To prove that the expansion of \( (1 - x^3)^n \) can be expressed in the given form, we start by applying the binomial theorem. The binomial theorem states that:
Applying the Binomial Theorem
For any integer \( n \), the expansion of \( (1 - x^3)^n \) is given by:
\( (1 - x^3)^n = \sum_{k=0}^{n} \binom{n}{k} (-1)^k (x^3)^k = \sum_{k=0}^{n} \binom{n}{k} (-1)^k x^{3k} \)
Reorganizing the Terms
We can reorganize this sum to group terms based on powers of \( x \). Notice that the powers of \( x \) are multiples of 3. To express this in the desired form, we can factor out \( (1 - x)^{3n} \).
Factoring Out \( (1 - x)^{3n} \)
We can rewrite the expansion as:
\( (1 - x^3)^n = (1 - x)^{3n} \cdot \left( \text{some polynomial in } x \right)

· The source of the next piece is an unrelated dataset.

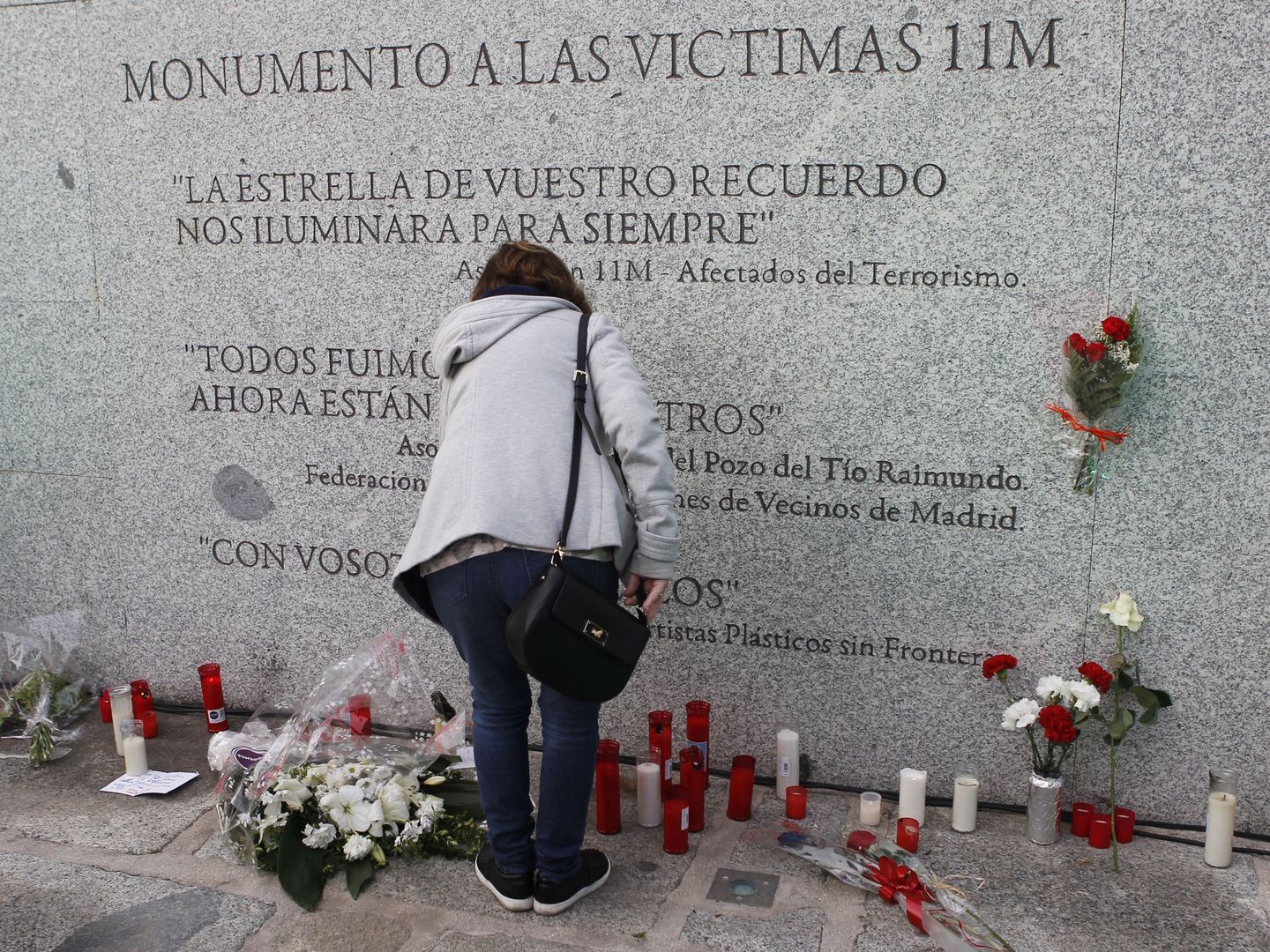 Flores y velas junto al monumento a las víctimas de los atentados del 11M en la estación de El Pozo. EFE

Identifying the Polynomial
Next, we need to determine the polynomial that arises from this factorization. The polynomial can be expressed as:
- First term: \( 1 \)
- Second term: \( 3nx(1 - x)^{3n - 2} \)
- Third term: \( \frac{3n(3n - 3)}{2} x^2 (1 - x)^{3n - 4} \)
Combining the Terms
By combining these terms, we can see that the expansion indeed matches the form:
\( (1 - x)^{3n} + 3nx(1 - x)^{3n - 2} + \frac{3n(3n - 3)}{2} x^2 (1 - x)^{3n - 4} + \ldots \)
Final Verification
Thus, we have shown that the expansion of \( (1 - x^3)^n \) can be expressed in the desired form, confirming the validity of the statement.